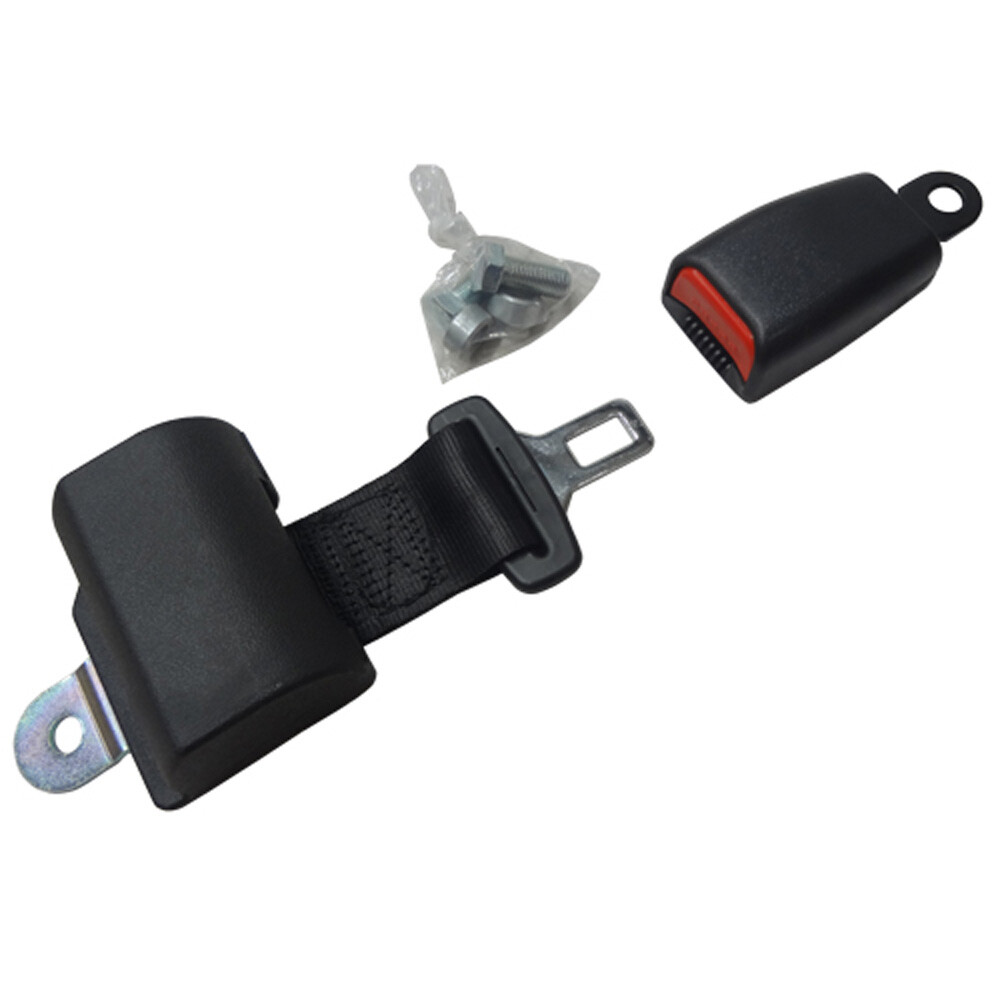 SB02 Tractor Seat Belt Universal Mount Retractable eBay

────────

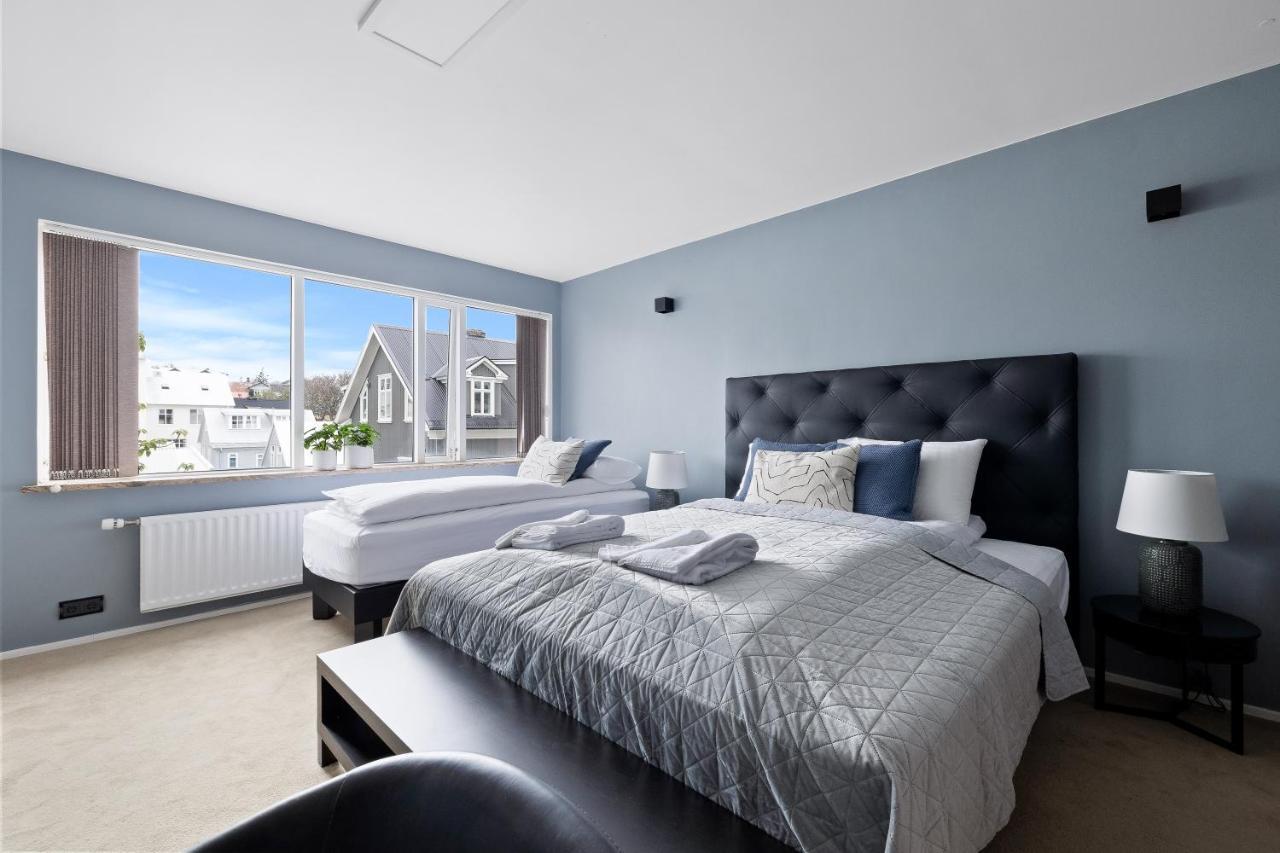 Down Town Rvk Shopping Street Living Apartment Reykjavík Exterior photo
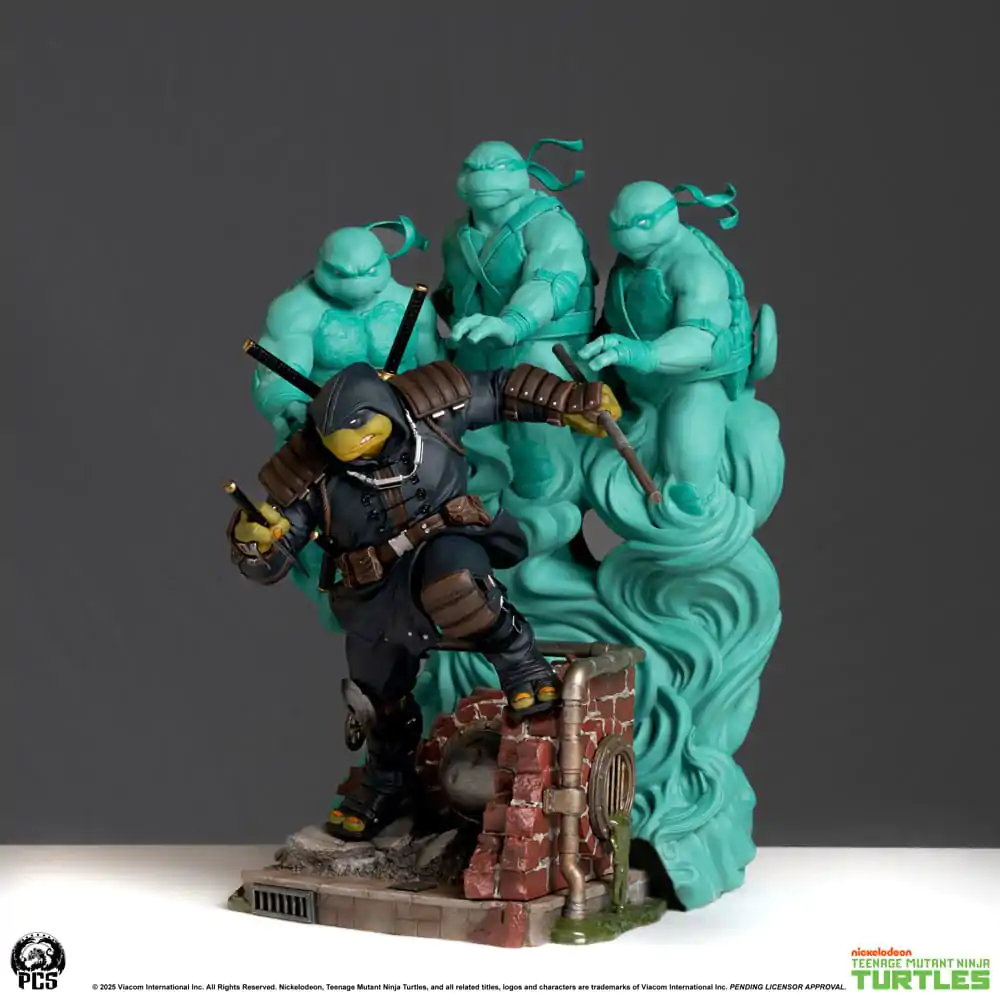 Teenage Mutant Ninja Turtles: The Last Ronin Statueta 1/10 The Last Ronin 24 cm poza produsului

────────

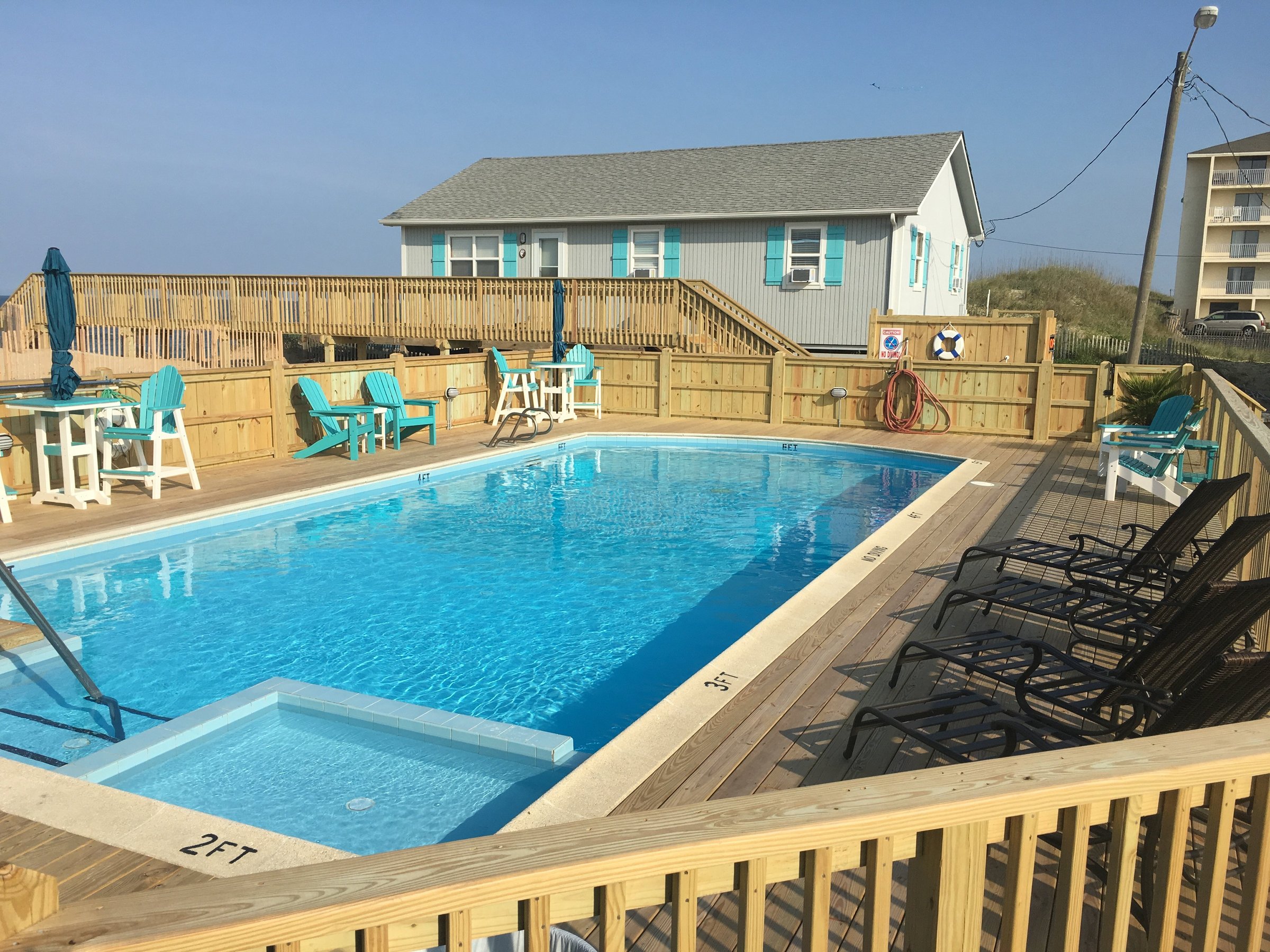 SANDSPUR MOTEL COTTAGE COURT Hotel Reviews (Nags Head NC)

────────

Only the lines between the one with "Down Town Rvk" and the one with "Teenage Mutant Ninja", those two included, get copied from the material above. Keep it exact and free of pictures.

Final answer
 Down Town Rvk Shopping Street Living Apartment Reykjavík Exterior photo
 Teenage Mutant Ninja Turtles: The Last Ronin Statueta 1/10 The Last Ronin 24 cm poza produsului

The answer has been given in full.